Sophie überlegte kurz. »Wenn Sie einverstanden sind, diese Untersuchung hier in Palma zu machen, dann bin ich dabei.«
Mateo glaubte, jeder müsse seinen Herzschlag hören. Er hatte Mühe, die in ihm aufsprudelnde Euphorie zu unterdrücken. »Dann freue ich mich auf unsere Zusammenarbeit.« Er reichte ihr die Hand. »Wenn es Ihnen Recht ist, dann würde ich gerne gleich einen Tag festlegen.«
Sophie sah Ramon fragend an. »Morgen? Da bist du noch hier.«
Ramon nickte und Sophie wandte sich Mateo Ramirez zu. Der sah zufrieden aus. »Ja das ist ideal. Ich wohne im Hotel Can Alomar gleich ...«
»... vorne am Passeig del Borne «, ergänzte Sophie.
»Sie sagen es.«
Sophie biss sich auf die Unterlippe. Sie hörte den unterdrückten Unmut in der Stimme des Wissenschaftlers. Andere zu ergänzen war eine ihrer Unarten, die sie sich partout nicht abgewöhnen konnte, obwohl sie sich bemühte.

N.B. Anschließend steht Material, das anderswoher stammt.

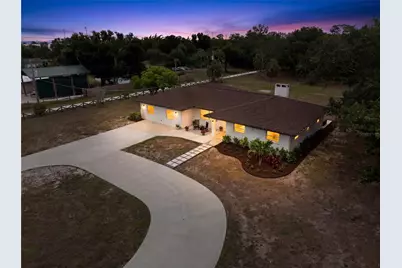 1515 21st Street W, Palmetto, FL 34221 - Photo 34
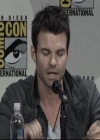 VampireDiariesWorld-dot-nl_TheOriginals-S3SanDiegoComicCon2014Panel1148.jpg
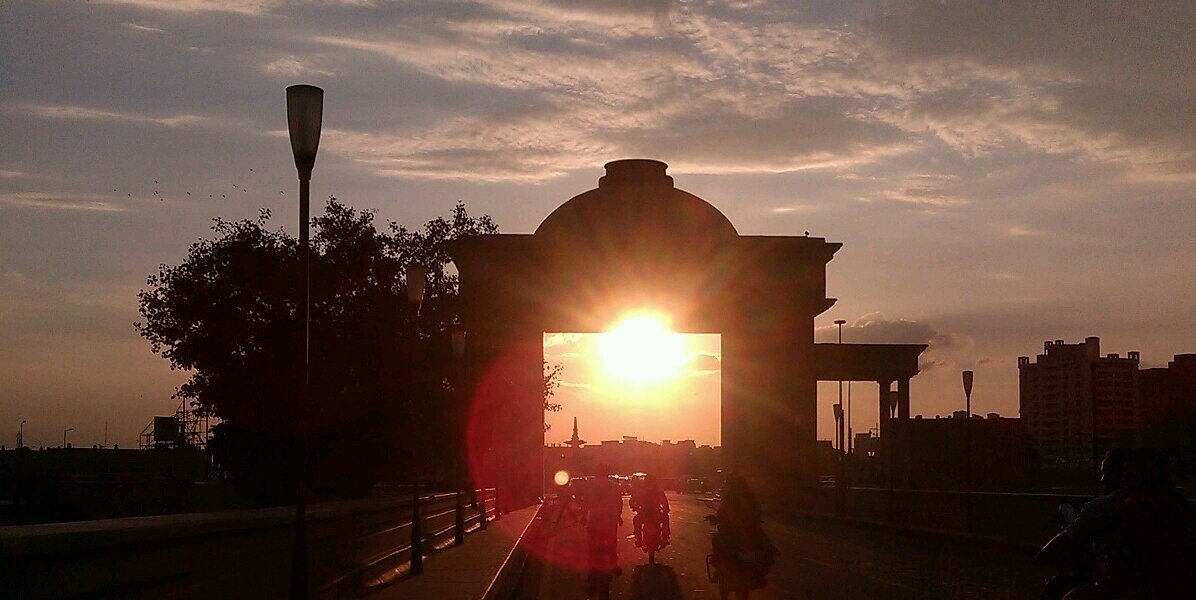 igops8055's profile banner image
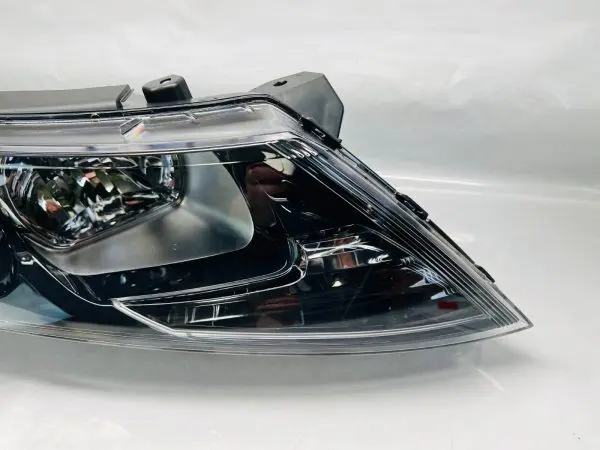 🌟 MINT 92102-4C000 2011 2012 2013 KIA OPTIMA HALOGEN FRONT RIGHT OEM HEADLIGHT - Image 4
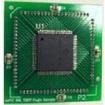 MA300014 Daughter Cards & OEM Boards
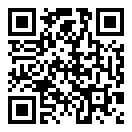 漂移极限世界二维码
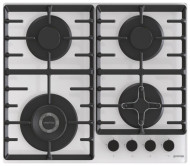 Газовая варочная панель Gorenje GTW 641 SYW Газовая варочная панель Gorenje GTW 641 SYW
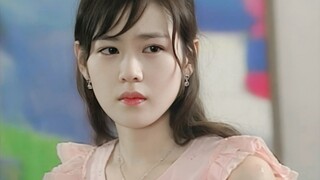 [ซุนเยจิน] ระดับความงามของนักแสดงสาวเกาหลี เป็นสาวที่ทำให้คนตกหลุมรัก!
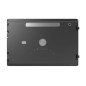 Surface Pro Copilot+PC 12" Apex Secure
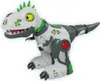 XTREM BOTS RC Dinobot XT3803235 32352 Produktbild-Vorschau 3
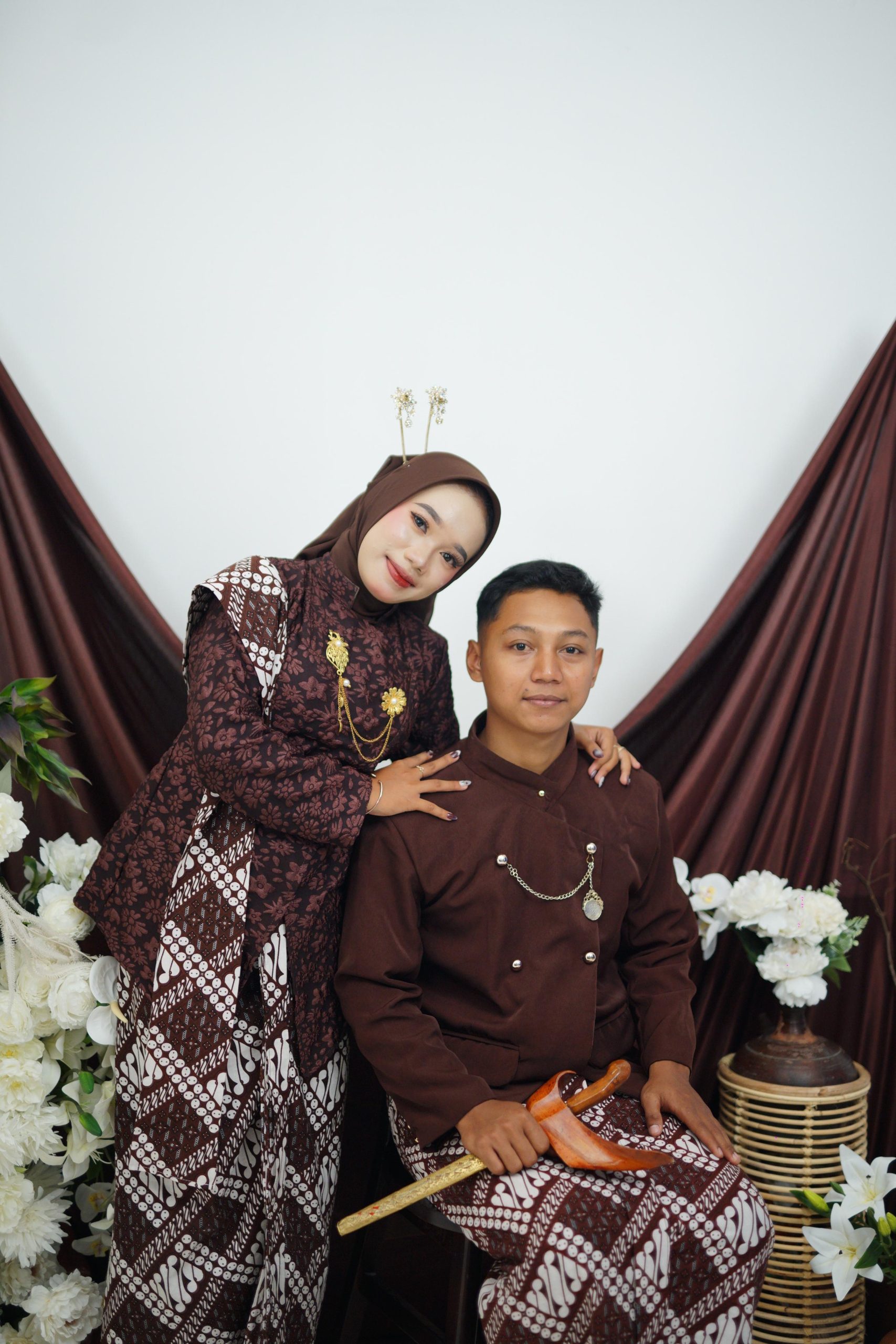 IMG-20260602-WA0002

»So gegen zehn Uhr morgen früh? Und Sie können selbstverständlich noch jemanden mitbringen, wenn Sie sich sicherer fühlen.« Ramirez hatte seinen sachlichen Unterton wiedergefunden.
*
»Lass uns doch noch einen Sprung ins 49 gehen.«, bat Sophie, als sie das C’an Joan verließen. In ihrer Stimme schwang Nachdenklichkeit. Sie schwieg auf dem Weg dorthin. Ramon kannte diese Stimmung und ließ sie ihren Gedanken nachhängen.
Das 49 hieß eigentlich 49steps , war eine Bar in Form eines Schiffes und lag direkt am Hafen.

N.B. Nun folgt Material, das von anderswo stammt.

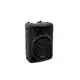 10" 2-way speaker-system-Bild-1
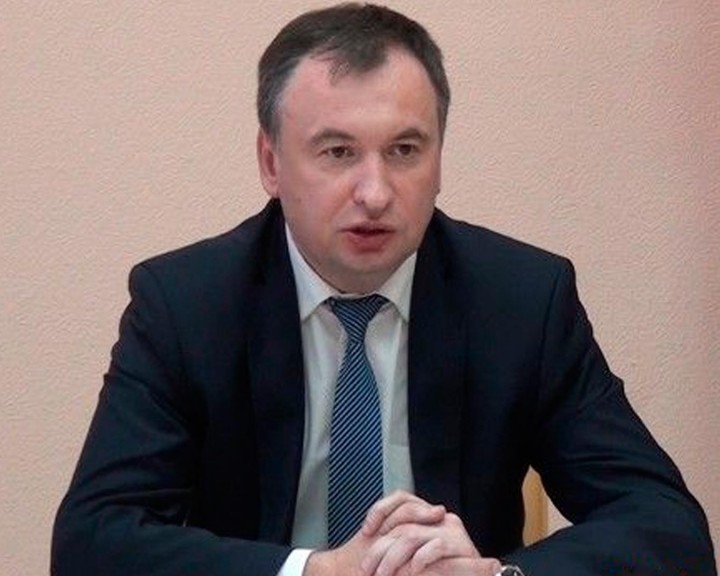 Малашин-Олег0906.jpg
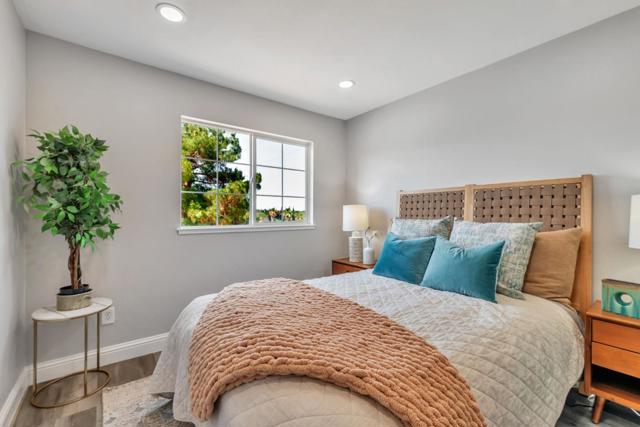 5109 Pawnee Drive, Antioch CA: https://media.crmls.org/mediaz/28f2aa57-6ae5-4351-bf77-a2df4d775398.jpg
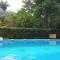Playa Bluff Lodge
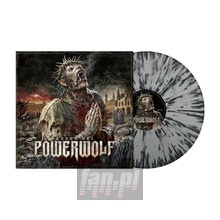 Lupus Dei - Powerwolf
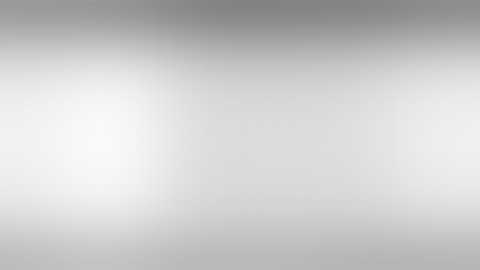 Control de Procesos con Microcontroladores - Generalidades PIC18F4550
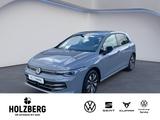 Volkswagen Golf 1.5 eTSI Goal DSG AHK+LED+RFK - Auto leasen in Braunschweig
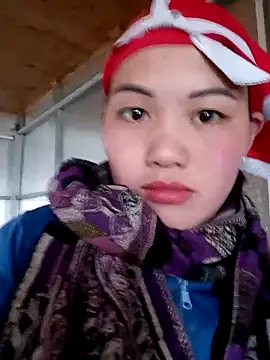 XXX chat uživo modela vitory_sexy99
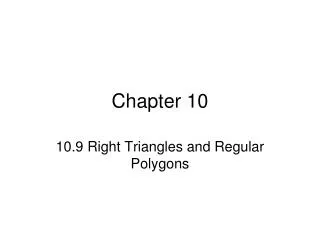 chapter 10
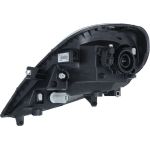 Hauptscheinwerfer 043396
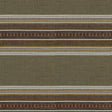 Kravet HANDWORK SAGE Upholstery Fabric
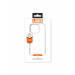 UAG Чохол до мобільного телефона UAG iPhone 16 Pro Plyo Ice (114484114343)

»Was stört dich?« Ramon unterbrach ihr gedankenverlorenes Schweigen. Er wusste, Sophie würde sonst noch stundenlang wortlos grübeln.

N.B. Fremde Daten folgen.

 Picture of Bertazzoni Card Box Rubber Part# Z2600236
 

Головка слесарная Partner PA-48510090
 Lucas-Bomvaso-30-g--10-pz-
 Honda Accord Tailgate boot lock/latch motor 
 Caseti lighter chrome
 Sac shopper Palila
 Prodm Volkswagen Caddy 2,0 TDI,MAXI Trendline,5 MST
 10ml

Sie lehnte sich auf dem Loungesofa zurück und ließ den Blick über die vielen Boote schweifen, die sich hell im tiefblauen Wasser des Hafens spiegelten. Schneeweiße Möwen kreisten kreischend, wartend auf Reste, die sie ergattern konnten und leise plätschernd schlugen kleine Wellen an den Rand der Mole. In der Ferne sah man das Schloss Bellver und die Hügel, über die sich die Ausläufer der Stadt erstreckten.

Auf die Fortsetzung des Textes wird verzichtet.